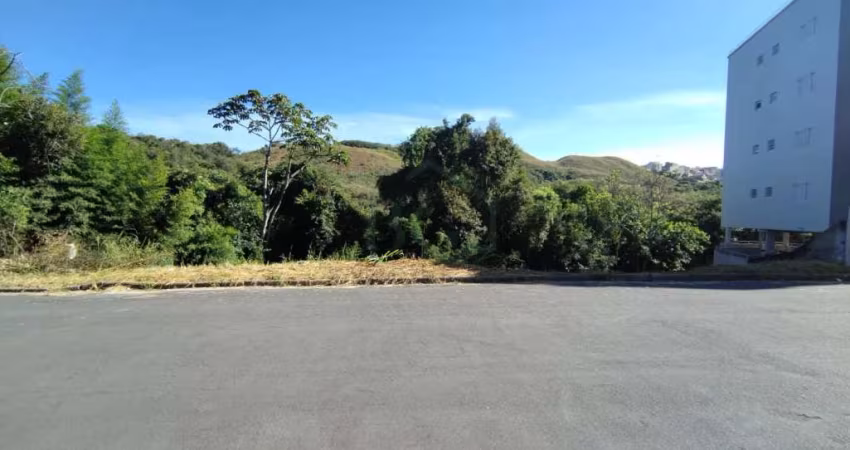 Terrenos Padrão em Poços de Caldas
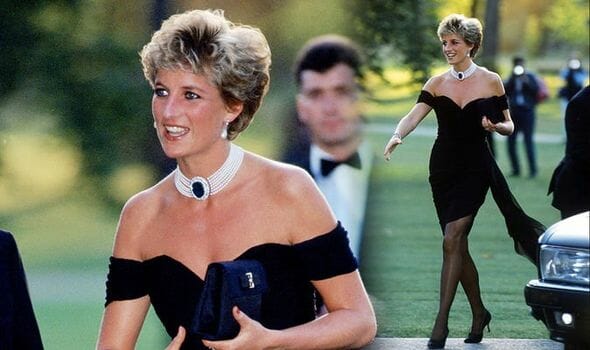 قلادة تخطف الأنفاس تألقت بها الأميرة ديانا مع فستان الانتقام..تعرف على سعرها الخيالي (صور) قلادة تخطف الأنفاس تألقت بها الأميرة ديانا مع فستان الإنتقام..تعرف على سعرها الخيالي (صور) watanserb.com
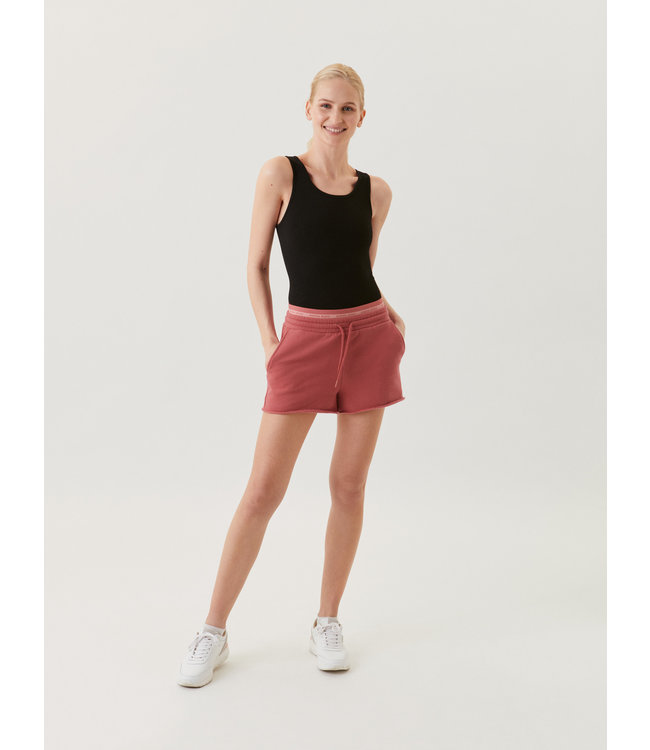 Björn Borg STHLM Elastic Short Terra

==

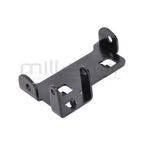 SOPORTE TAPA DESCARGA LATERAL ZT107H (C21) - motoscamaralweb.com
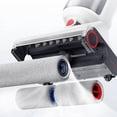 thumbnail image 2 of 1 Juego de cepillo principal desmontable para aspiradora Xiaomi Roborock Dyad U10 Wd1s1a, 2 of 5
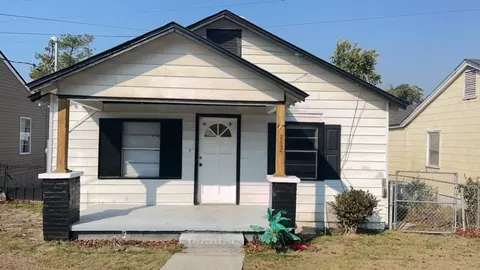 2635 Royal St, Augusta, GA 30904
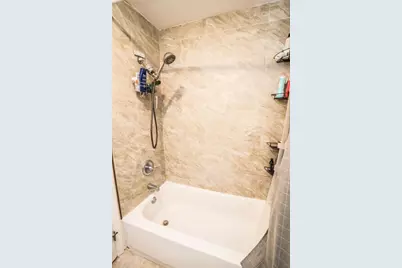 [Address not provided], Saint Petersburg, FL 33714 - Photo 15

What the task asks
Although the records hold pictures, the copy must not; give again exactly the lines from the one with "Terrenos Padrão em Poços de Caldas" through the one with "Björn Borg STHLM Elastic Short Terra".

Finished task
 Terrenos Padrão em Poços de Caldas
 قلادة تخطف الأنفاس تألقت بها الأميرة ديانا مع فستان الانتقام..تعرف على سعرها الخيالي (صور) قلادة تخطف الأنفاس تألقت بها الأميرة ديانا مع فستان الإنتقام..تعرف على سعرها الخيالي (صور) watanserb.com
 Björn Borg STHLM Elastic Short Terra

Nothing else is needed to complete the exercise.